Pounden Hall on the Ohio State CFAES Wooster campus has been the headquarters of BioHio Research Park. (Photo by Ken Chamberlain)

Wooster’s BioHio Research Park to be transitioned

A decision has been made by the BioHio Board of Directors to transition the work of the BioHio Research Park, an affiliate of The Ohio State University, in Wayne County to the auspices of the College of Food, Agricultural, and Environmental Sciences’ (CFAES) at The Ohio State University.

As an affiliate of Ohio State, BioHio was envisioned in 2010 and was created to facilitate the movement of discoveries from the college into the commercial sector. It is located on the CFAES Wooster campus.

Additional goals of BioHio were to advance, encourage, and promote the industrial, economic, commercial and civic development of the Wooster area and to serve as a research park for the benefit of The Ohio State University, the City of Wooster, and Wayne County.

“While the original goals of BioHio are still relevant and part of the CFAES mission, the separate legal entity was not providing the benefits originally envisioned,” said Cathann A. Kress, vice president and dean of CFAES. “The BioHio board met on August 28th and voted to transition the work of BioHio to be under the auspices of CFAES in place of its operation as a separate affiliate. The transition will occur over the next several months.”

BioHio was created with the intention that it could attract outside funding and enter into contracts more easily than if it was part of the University. “Although there have been small amounts of external investment, most of the funding has been from CFAES since the inception of the entity,” Kress said.

It was also envisioned that BioHio could enter into agreements with developers to build on the research park site, but it was later determined that this contractual obligation would still fall under Ohio State’s debt ceiling and the university did not want to take on that risk. However, by moving this body of work under the college umbrella, the original intent to build on the site is more likely to be realized.

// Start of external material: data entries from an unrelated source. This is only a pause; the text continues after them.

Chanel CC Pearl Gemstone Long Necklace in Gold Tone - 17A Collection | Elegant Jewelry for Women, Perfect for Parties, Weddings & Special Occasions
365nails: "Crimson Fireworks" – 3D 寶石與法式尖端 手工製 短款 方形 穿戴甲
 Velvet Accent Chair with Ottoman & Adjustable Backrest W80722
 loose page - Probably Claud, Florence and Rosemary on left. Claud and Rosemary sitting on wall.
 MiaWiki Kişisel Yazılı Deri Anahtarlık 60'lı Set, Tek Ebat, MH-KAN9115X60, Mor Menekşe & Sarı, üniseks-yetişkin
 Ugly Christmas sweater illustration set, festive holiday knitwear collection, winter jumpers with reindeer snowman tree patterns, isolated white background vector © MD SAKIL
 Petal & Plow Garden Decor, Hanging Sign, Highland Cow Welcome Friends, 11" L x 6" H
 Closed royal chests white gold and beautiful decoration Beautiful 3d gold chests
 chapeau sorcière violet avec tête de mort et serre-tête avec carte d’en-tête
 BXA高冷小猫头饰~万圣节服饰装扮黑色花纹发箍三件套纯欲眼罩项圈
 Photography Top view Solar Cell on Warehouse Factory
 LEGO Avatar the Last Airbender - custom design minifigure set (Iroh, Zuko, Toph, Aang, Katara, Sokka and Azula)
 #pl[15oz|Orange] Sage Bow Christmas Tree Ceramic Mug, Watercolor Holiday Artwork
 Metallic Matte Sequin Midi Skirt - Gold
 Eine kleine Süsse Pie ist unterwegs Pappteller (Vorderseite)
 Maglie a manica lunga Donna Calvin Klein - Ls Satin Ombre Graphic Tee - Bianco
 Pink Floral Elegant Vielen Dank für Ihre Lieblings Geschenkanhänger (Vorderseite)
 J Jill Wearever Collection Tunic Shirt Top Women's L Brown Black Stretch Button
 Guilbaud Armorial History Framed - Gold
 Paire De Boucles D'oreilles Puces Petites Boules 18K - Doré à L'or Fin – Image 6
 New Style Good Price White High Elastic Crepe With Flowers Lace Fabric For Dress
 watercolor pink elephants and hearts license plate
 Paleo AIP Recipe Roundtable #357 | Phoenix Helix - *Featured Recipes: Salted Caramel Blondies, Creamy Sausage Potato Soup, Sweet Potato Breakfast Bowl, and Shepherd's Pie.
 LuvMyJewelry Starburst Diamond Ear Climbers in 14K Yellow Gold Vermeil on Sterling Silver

“CFAES is committed to many of the original goals of BioHio such as facilitating the advancement of research into the private sector; technology commercialization; new and improved crops, and products for Ohio producers; new and improved technologies for Ohio industry; and enhanced and protected environment and quality of life for Ohioans,” Kress said. “We will continue progress toward these goals through our OARDC enterprise, as well as within OSU Extension and other college units.”

OARDC is the research arm of the College of Food, Agricultural, and Environmental Sciences.